=== Section Start ===

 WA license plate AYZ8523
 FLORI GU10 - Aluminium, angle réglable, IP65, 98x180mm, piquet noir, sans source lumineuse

=== Section End ===
=== Section Start ===

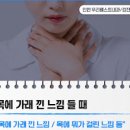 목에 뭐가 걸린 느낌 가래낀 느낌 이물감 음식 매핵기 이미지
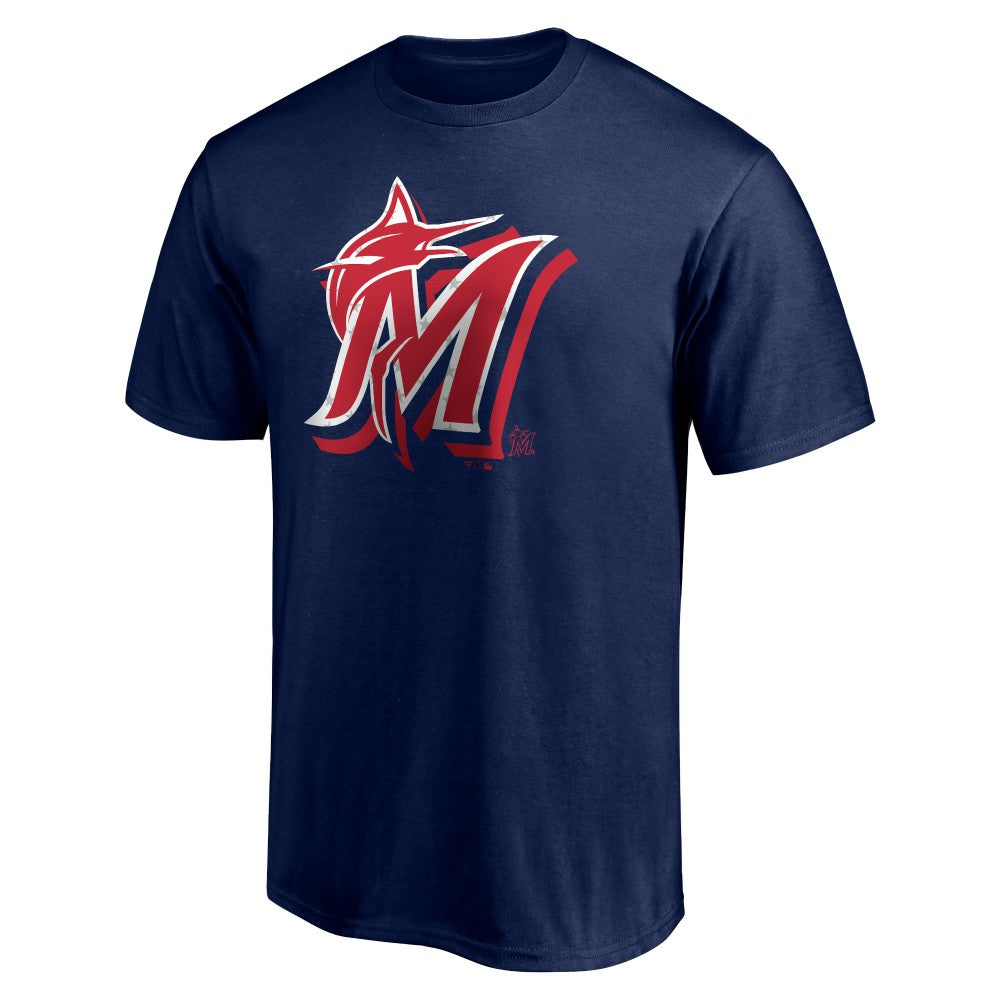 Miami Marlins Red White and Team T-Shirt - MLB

=== Section End ===

For this task, write out exactly the lines of the entries above, starting at the line with "WA license plate AYZ8523" and ending at the line with "FLORI GU10 - Aluminium, angle", both included, and no others.

• **ANSWER SPACE**:
 WA license plate AYZ8523
 FLORI GU10 - Aluminium, angle réglable, IP65, 98x180mm, piquet noir, sans source lumineuse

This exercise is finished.